Magical Realism, Writing, Fiction, Politics, Haiku, Books



lunes, septiembre 05, 2011

Put The Labor Back In Labor Day


It’s the cultural end of the Summer. It’s the beginning of school. It’s a holiday. It’s the last summer barbecue. Maybe it’s a parade. It’s the Columbia County Fair. It’s the start of the football season. It’s the beginning of the Jersey Shore off-season. It’s the tomato harvest. It’s when you’re supposed to stop wearing white or seersucker. It’s called Labor Day, but it doesn’t seem to have a whole lot to do with labor. At least as far as the traditional media are concerned, as far as local celebrations go.

Occasionally, unions manage to make the point that Labor, organized and disorganized, has done a lot for US workers, unionized and not, in the past century. Labor’s struggles made significant improvements including the 8-hour day, overtime pay, the five-day work week, the weekend, vacations, occupational health and safety, the end to child labor, retirement. And on and on. You can easily expand this list. In other words, labor’s struggles led first to the creation and then to the expansion of the American middle class. And labor benefitted even workers who did not organize themselves and just profited from the workplace and cultural changes the unions fought for.

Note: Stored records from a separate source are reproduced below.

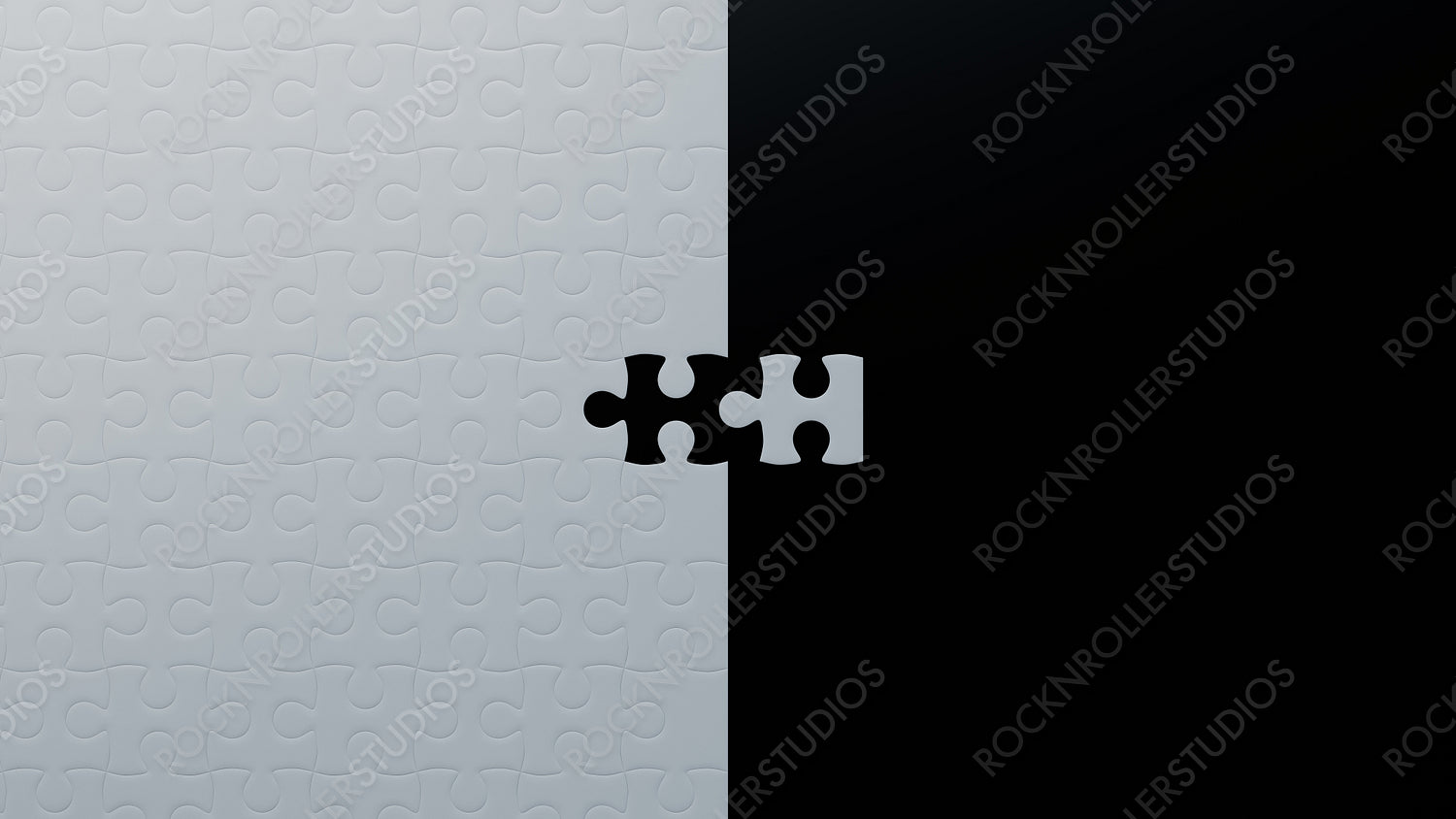Unity in Division: Black and White Puzzle Pieces Bridging Contrast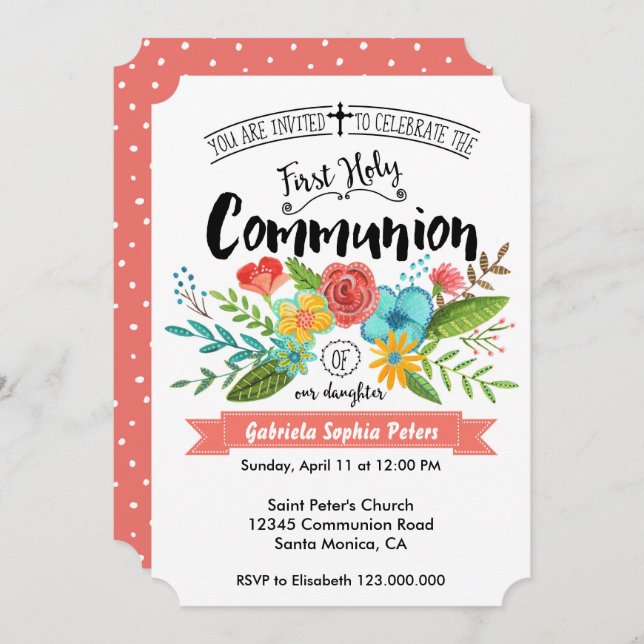 Invitation Fleurs de la première sainte communion | Invitatio (Devant / Derrière)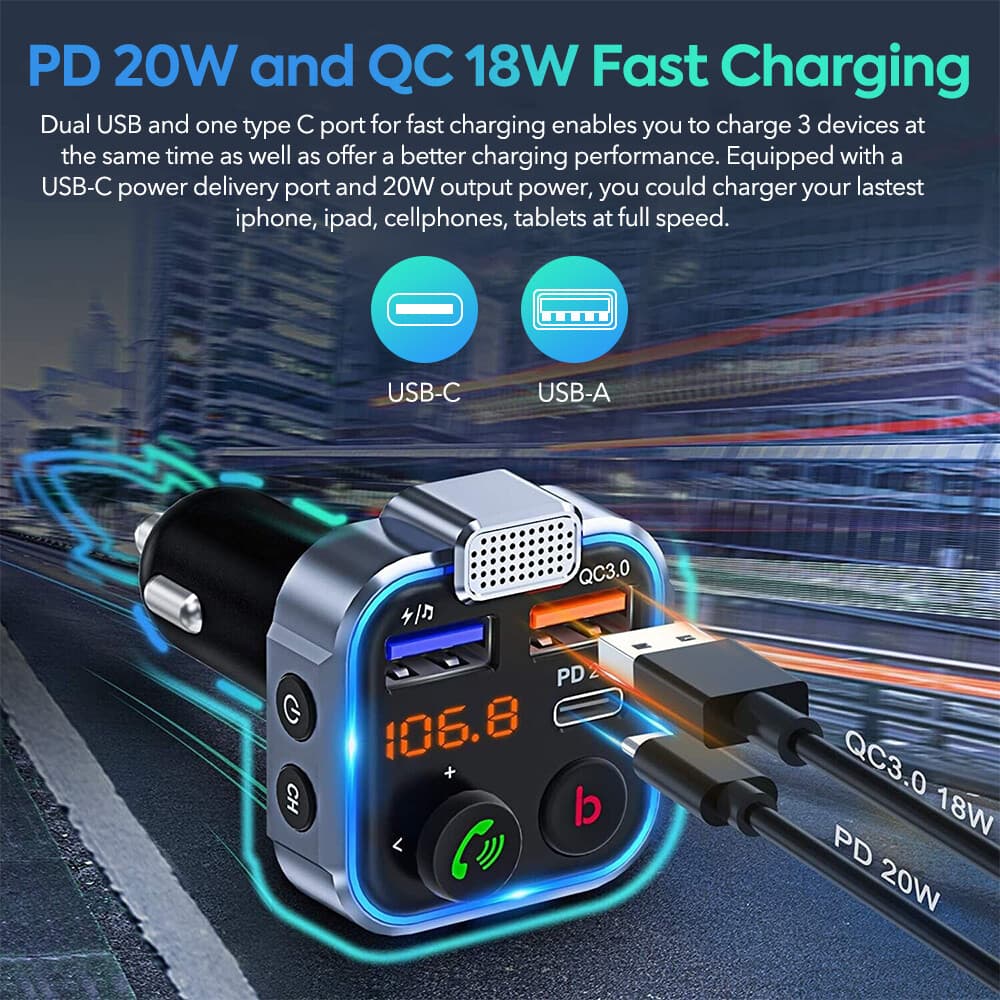 Wireless FM Transmitter Car Adapter Type-C PD 20W+ QC3.0 Fast USB Charger PD20W 6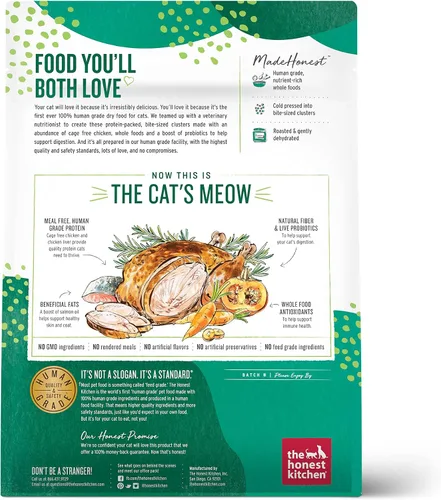 Vista 3 de The Honest Kitchen Clusters de comida para gatos de grado humano de comida entera sin granos de pollo seco, bolsa de prueba de 1 libra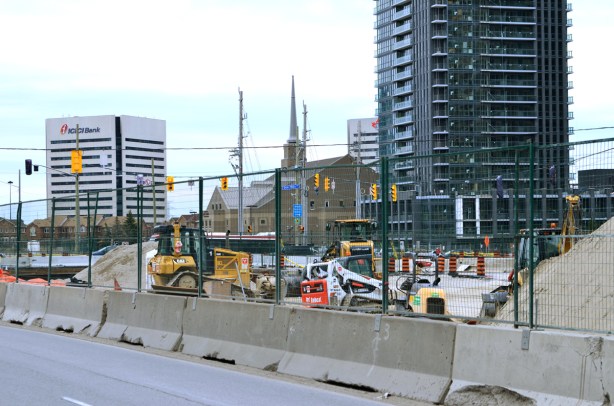 construction on Eglinton at Don Mills, Mormon church in the picture - Church of Latter Day Saints 
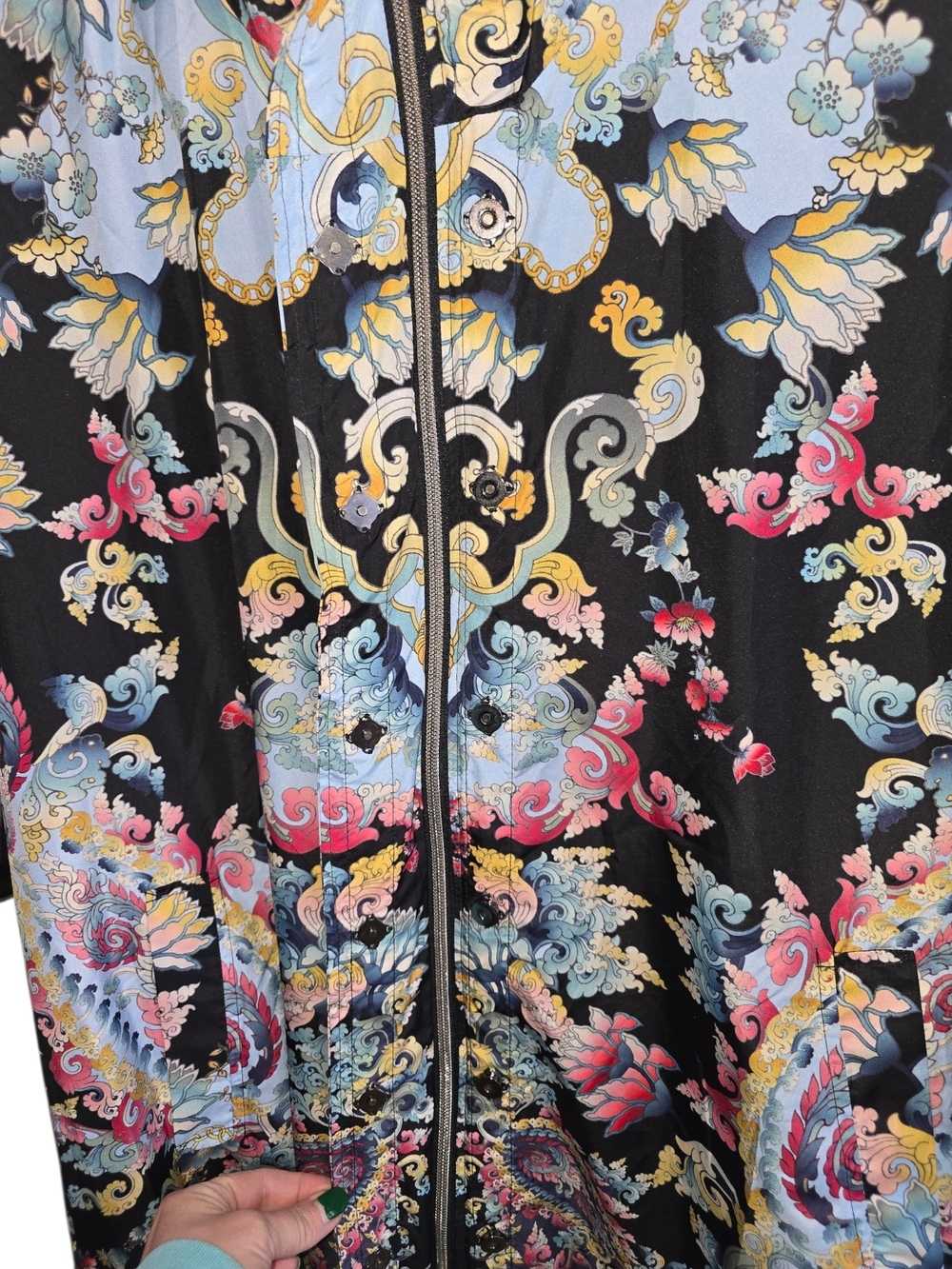 Johnny Was Black Red Multi Floral Paisley Kimono Cape Poncho Size M Full Zip - Picture 4 of 5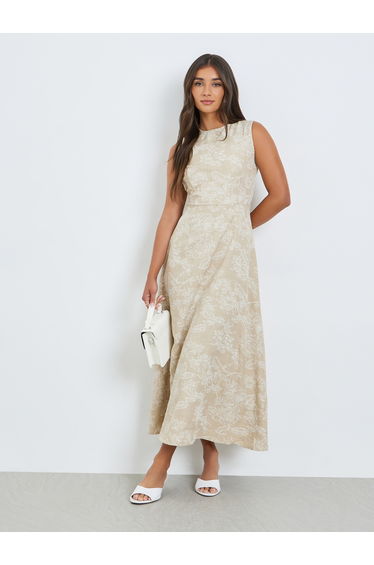 Women Beige Floral Sleeveless Maxi Dress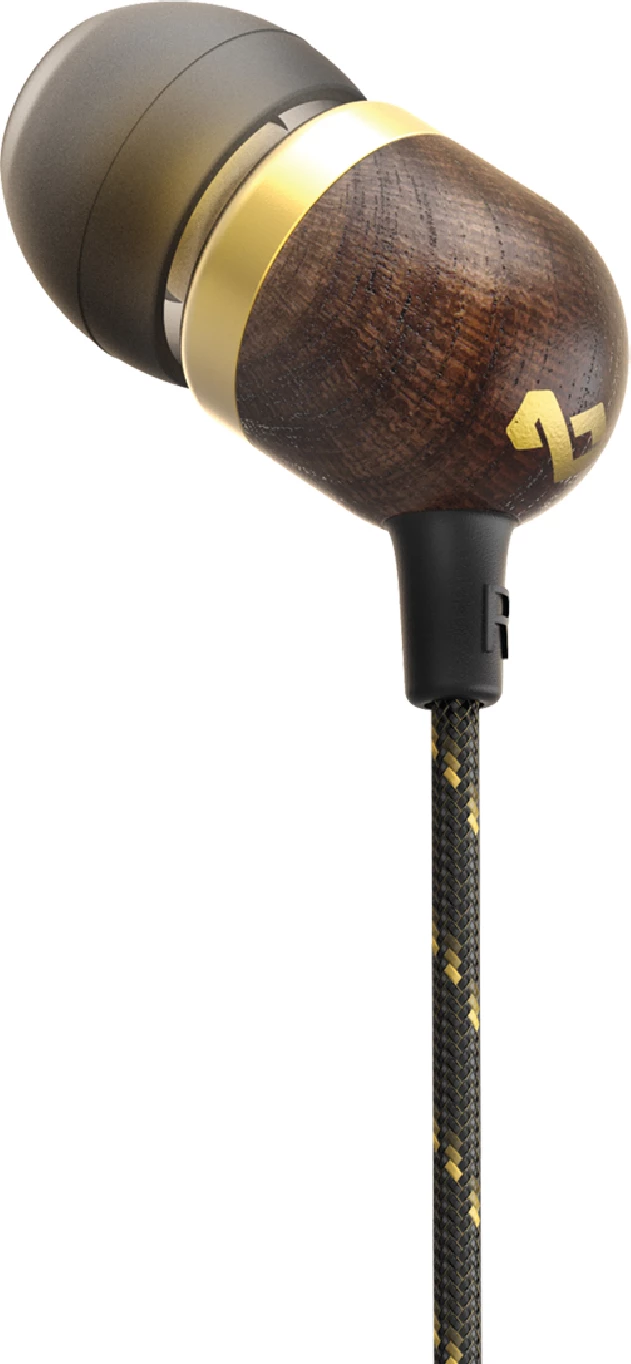 Kufje House of Marley Smile Jamaica me kabllo 3.5mm, mikrofon inline, Brass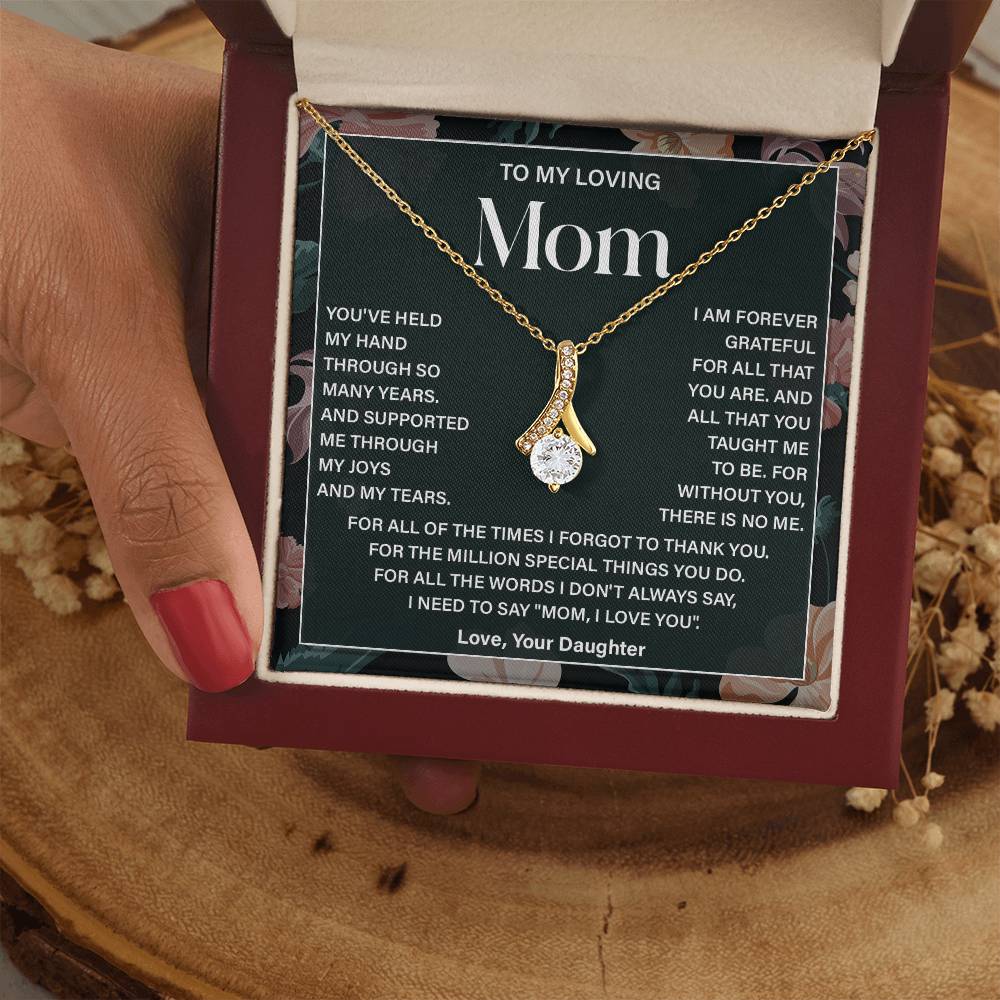 Daughter to Mom Necklace Gift with Message Card
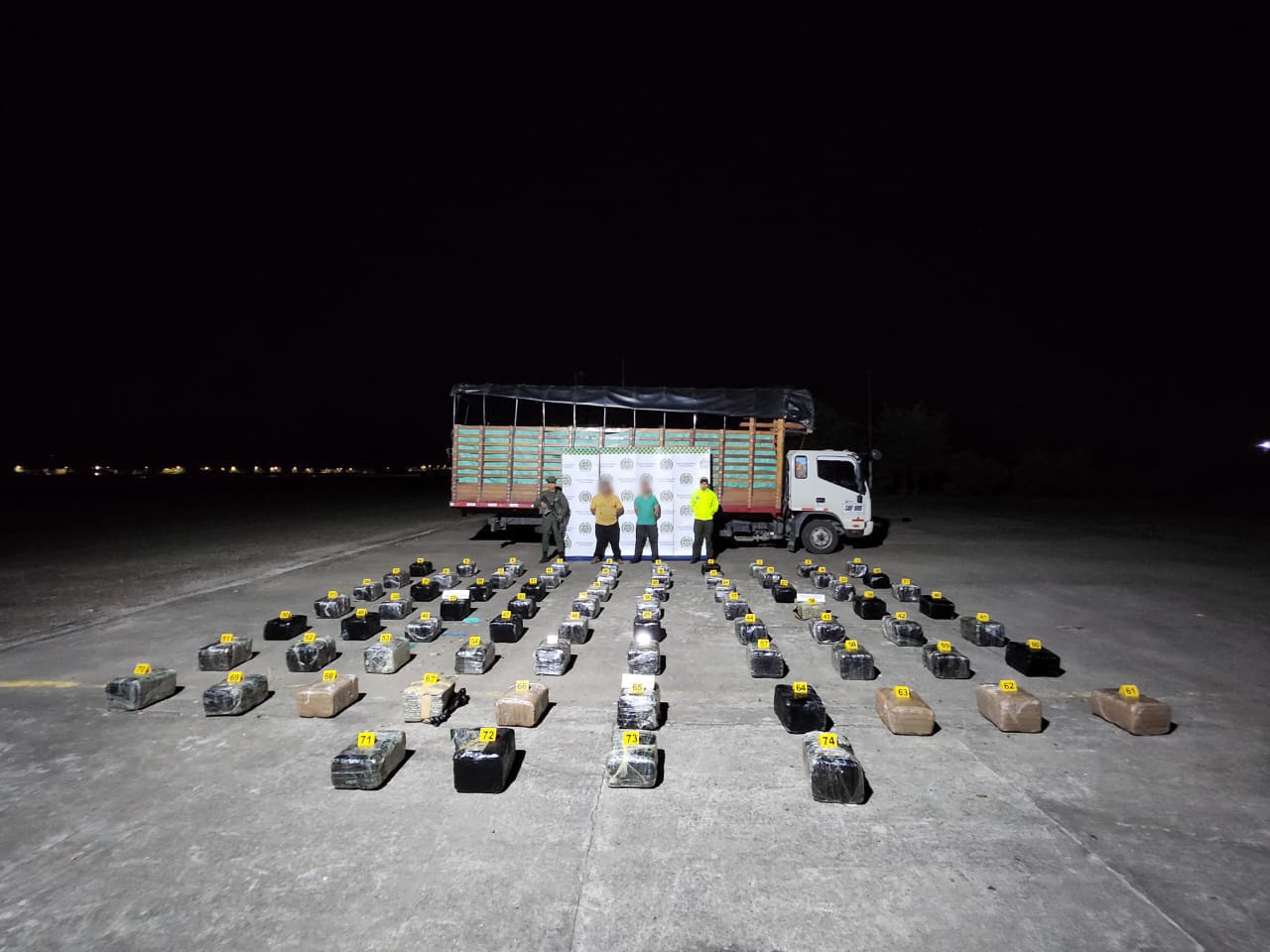 Media tonelada de marihuana incautada en el Huila.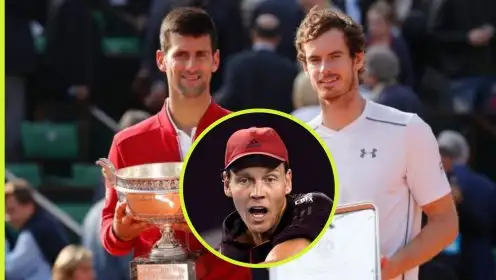 Novak Djokovic and Andy Murray at the 2016 French Open final, with Tomas Berdych inset.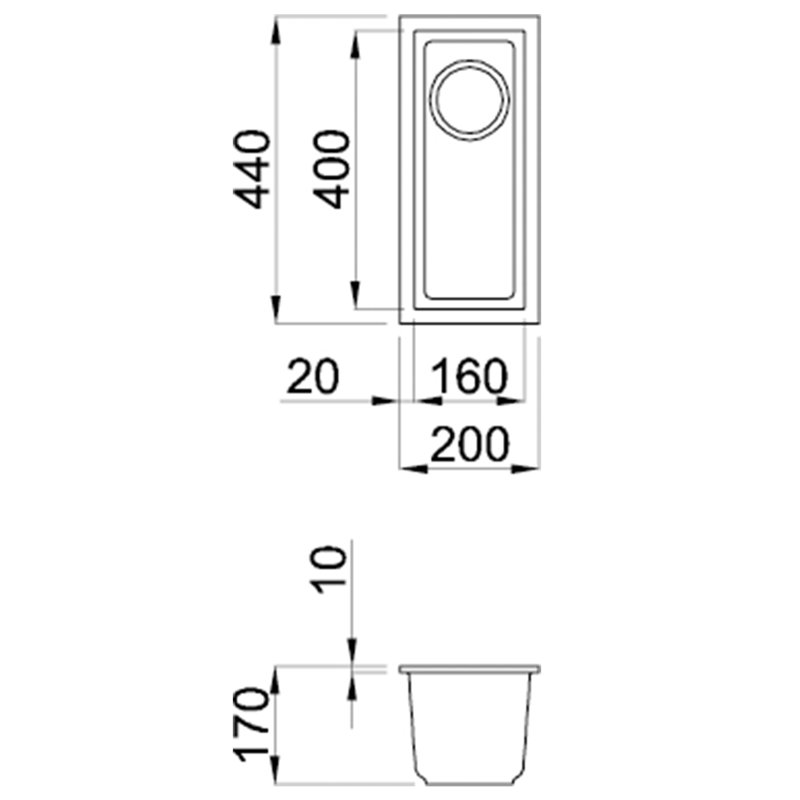 Quadra Single Bowl Undermount Kitchen Sink, Antique White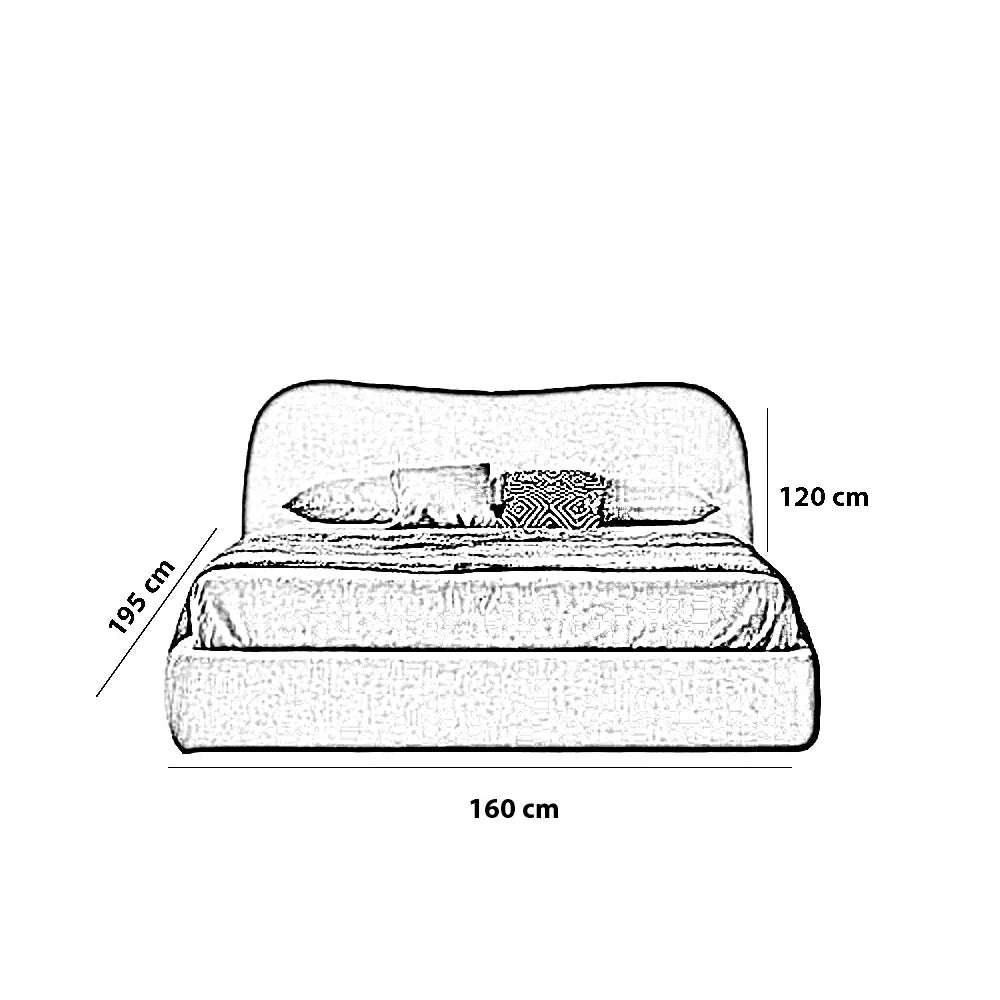 سرير كينج خشب موسكي، 160*195*120 سم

Labor Day shouldn’t be an historical relic in which we recall these seemingly distant struggles and their fruit. No. Workers continued to struggle in 2011 in Wisconsin, Ohio, Indiana and Michigan to safeguard the rights to collective bargaining, to adequate compensation, to civilized fringe benefits like health insurance, to their retirement. To keep their jobs in an age of wanton government dismantling. The battles continue. And not just in the Midwest. You can even find it at Starbucks.

When the last grilled hot dogs and burgers of 2011 roll around on grills across America later this afternoon, when the last plastic glass of beer is filled, it would be nice to pause for just a second to acknowledge both labor’s contributions to our way of life and the necessity to continue to support the struggle. Maybe we could lift our glass in support of continuing the struggle for workers’ dignity.